Does “Hidden Undercuffing” Occur Among Obese Patients? Effect of Arm Sizes and Other Predictors of the Difference Between Wrist and Upper Arm Blood Pressures

Hardik Doshi 1, Alan B Weder 1, Robert L Bard 1, Robert D Brook 1
PMCID: PMC8673187  PMID: 20167030

Abstract

J Clin Hypertens (Greenwich). 2010;12:82–88. ©2009 Wiley Periodicals, Inc.

Arm size can affect the accuracy of blood pressure (BP) measurement, and “undercuffing” of large upper arms is likely to be a growing problem. Therefore, the authors investigated the relationship between upper arm and wrist readings. Upper arm and wrist circumferences and BP were measured in 261 consecutive patients. Upper arm auscultation and wrist BP was measured in triplicate, rotating measurements every 30 seconds between sites. Upper arm BP was 131.9±20.6/71.6±12.6 mm Hg in an obese population (body mass index, 30.6±6.6 kg/m2) with mean upper arm size of 30.7±5.1 cm. Wrist BP was higher (2.6±9.2 mm Hg and 4.9±6.6 mm Hg, respectively, P<.001); however, there was moderate concordance for the Seventh Report of the Joint National Committee on Prevention, Detection, Evaluation, and Treatment of High Blood Pressure (JNC 7) strata (κ value=0.27–0.71), and the difference was ≥5 mm Hg in 72% of the patients. The authors conclude that there was poor concordance between arm and wrist BP measurement and found no evidence that “hidden undercuffing” was associated with obesity; therefore, they do not support routine use of wrist BP measurements.


In clinical practice, blood pressure (BP) treatment decisions are based on noninvasive indirect measurements, but even though BP has been measured indirectly for more than 100 years, the methodology remains an area of debate and investigation. 1 , 2 Both the American Heart Association and the European Societies of Hypertension and Cardiology have published guidelines for the “optimal” methods and conditions for BP measurement, 3 , 4 , 5 and both recommend upper arm sphygmomanometry as the standard. As long ago as 1901, Von Recklinghausen recognized that variation in upper arm size is a potential source of significant error, so that it is important to match cuff size to upper arm circumference to avoid “undercuffing” (too small or narrow cuff bladder) of large arms that can lead to spuriously high readings. 6 , 7 , 8 Many studies have shown that miscuffing is extremely common in outpatient settings, and undercuffing may account for as much as 84% of the errors due to technical measurement innaccuracies. 9 Failure to recognize the need for a large cuff or the unavailability of a range of cuff sizes further complicates this issue. 10 Even with appropriate cuff sizes, it is possible that some degree of hidden undercuffing may occur.
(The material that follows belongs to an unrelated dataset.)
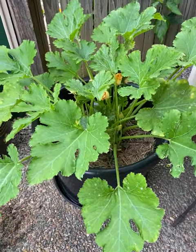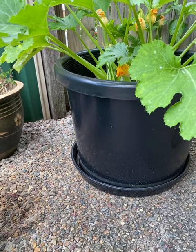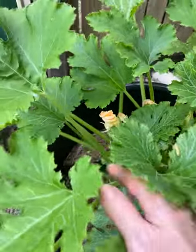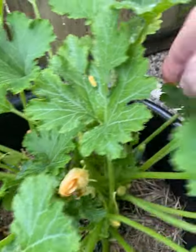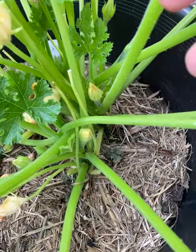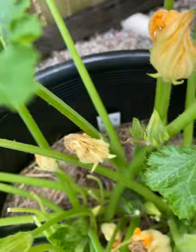This is our zucchini tree, and this year we've decided to put it in a big pot. As you can see, we've already got a few zucchinis — there's one there and another one here. There are some more coming up, and it seems like it's working really well with the big pot.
Hidden undercuffing is a term used to define inadvertent miscuffing or the dysfunction of an apparently appropriately sized cuff. In obese individuals, undercuffing may be hidden because of variations in arm shape/size and/or the increased amount of soft tissue that must be compressed to occlude the brachial artery. Brachial BP measurement is further complicated in obesity by the large circumference of the upper arm, which requires a very long, wide cuff for occlusion. In some cases, the excessive width of the required cuff can exceed the length of the upper arm, making it difficult to position the cuff to properly occlude the brachial artery. It is also possible that a larger than usual amount of pressure may be required to compress the greater amount of soft tissue in the obese arm. These limitations could produce systematically spuriously high BP values, producing a positive erroneous gradient between indirect vs true (ie, intra‐arterial) BP.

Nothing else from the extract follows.